LTU physics prof wins federal grant to model subatomic particle properties

SOUTHFIELD—A Lawrence Technological University physics professor has won a three-year, $179,997 grant from the National Science Foundation to model the behavior of superheated “soups” of subatomic particles that were formed in the earliest moments after the Big Bang.

The ultimate goal, according to George Moschelli, assistant professor of physics in the LTU College of Arts and Sciences, is a better understanding what’s called the strong nuclear force.

The grant will fund theoretical modeling of the properties of quark-gluon plasma, a hot and dense soup of quarks and gluons, the elementary particles that are most affected by the strong nuclear force.

Moschelli’s work will focus on theoretical methods for modeling the expansion and cooling of quark-gluon plasma created by collisions in huge particle colliders. The methods will help guide future research into the behavior of these elementary particles.

Moschelli said the students working with him will be exclusively undergraduates, “and since most physics undergraduates will find careers outside of science, they will apply this education in many roles in society.”

The grant provides for student research assistant salaries and domestic and international travel to conferences and research centers like the Relativistic Heavy-Ion Collider in Upton, N.Y., and the Large Hadron Collider in Switzerland and France. Moschelli is currently looking for interested undergraduate physics majors to join his project, which will give them a chance to be a presenter at global scientific conferences.

Moschelli earned his bachelor’s degree in physics from Lawrence Tech in 2003 and later earned a Ph.D. in physics from Wayne State University. Prior to joining LTU in 2013, he was a lecturer at Norwich University in Vermont, and earlier, was a postdoctoral researcher at the Frankfurt Institute for Advanced Studies in Frankfurt am Main, Germany.

Moschelli said the effects of subatomic collisions at huge speeds has been his research interest since his student days. The way particles behave in conditions created by particle accelerators—giant electromagnets that accelerate atomic particles to a significant fraction of the speed of light, then smash them into each other, mimicking conditions shortly after the Big Bang—helps explain how the strong atomic force helps glue atoms together, despite their magnetic repulsion. (It’s called the strong force because it’s more than 100 times stronger than the more familiar electromagnetic force, and therefore much more difficult to study.)
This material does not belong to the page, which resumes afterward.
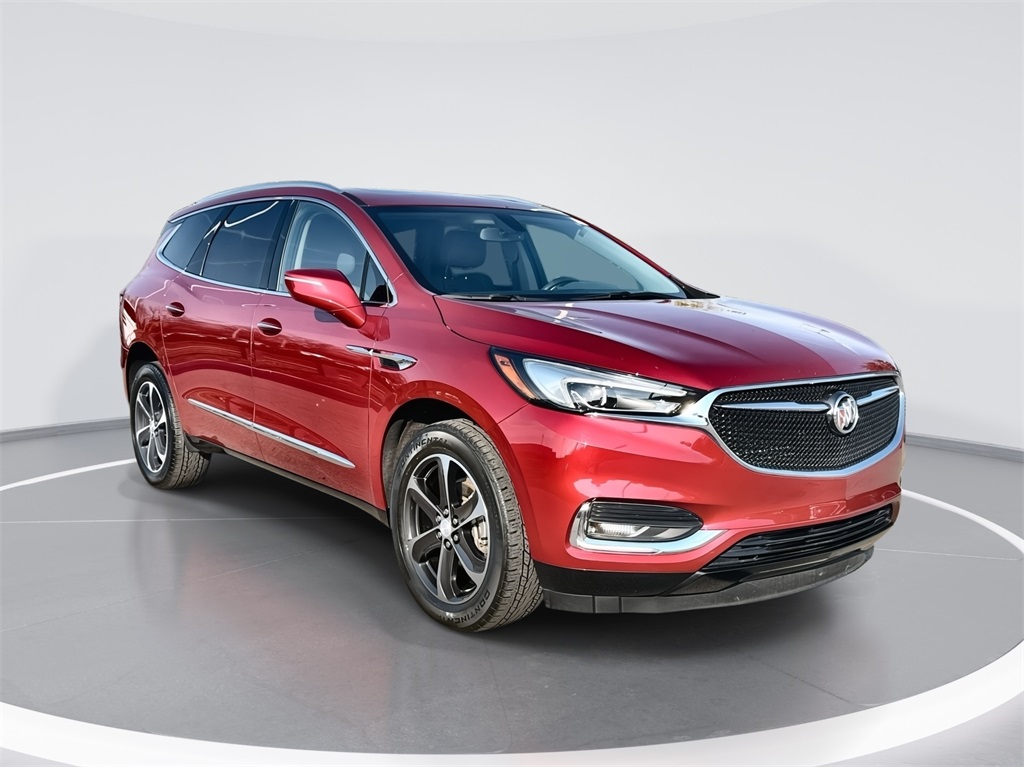 2019 Buick Enclave Essence 1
Moschelli said the project is basic science with unknown practical application. But he said there’s no telling where it might lead. “A hundred years ago people were talking about quantum mechanics for the first time, and people probably wondered whether this was just knowledge for knowledge’s sake,” he said. “But now everything in our lives, all our electronics, the ability to have semiconductors and transistors that are very small, is a product of quantum mechanics. All that was born out of basic science from decades ago.”
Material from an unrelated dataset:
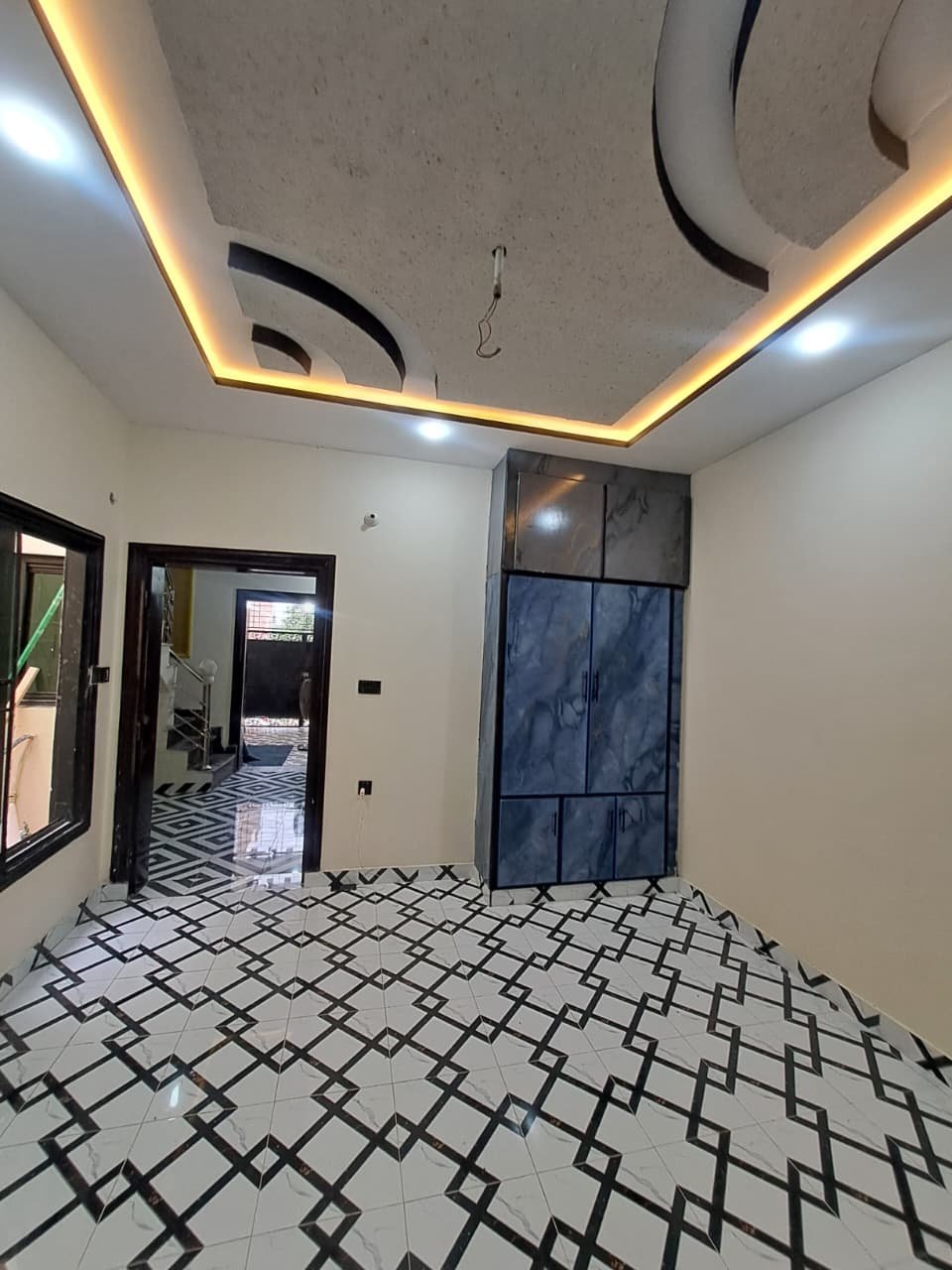 2.75 Marla Double Storey House for Sale – Zakariya Town, Multan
Lawrence Technological University, www.ltu.edu, is a private university founded in 1932 that offers more than 100 programs through the doctoral level in its Colleges of Architecture and Design, Arts and Sciences, Business and Information Technology, and Engineering. PayScale lists Lawrence Tech among the nation’s top 15 percent of universities for the salaries of its graduates, and U.S. News and World Report lists it in the top tier of best Midwestern universities. Students benefit from small class sizes and a real-world, hands-on, “theory and practice” education with an emphasis on leadership. Activities on Lawrence Tech’s 107-acre campus include more than 60 student organizations and NAIA varsity sports.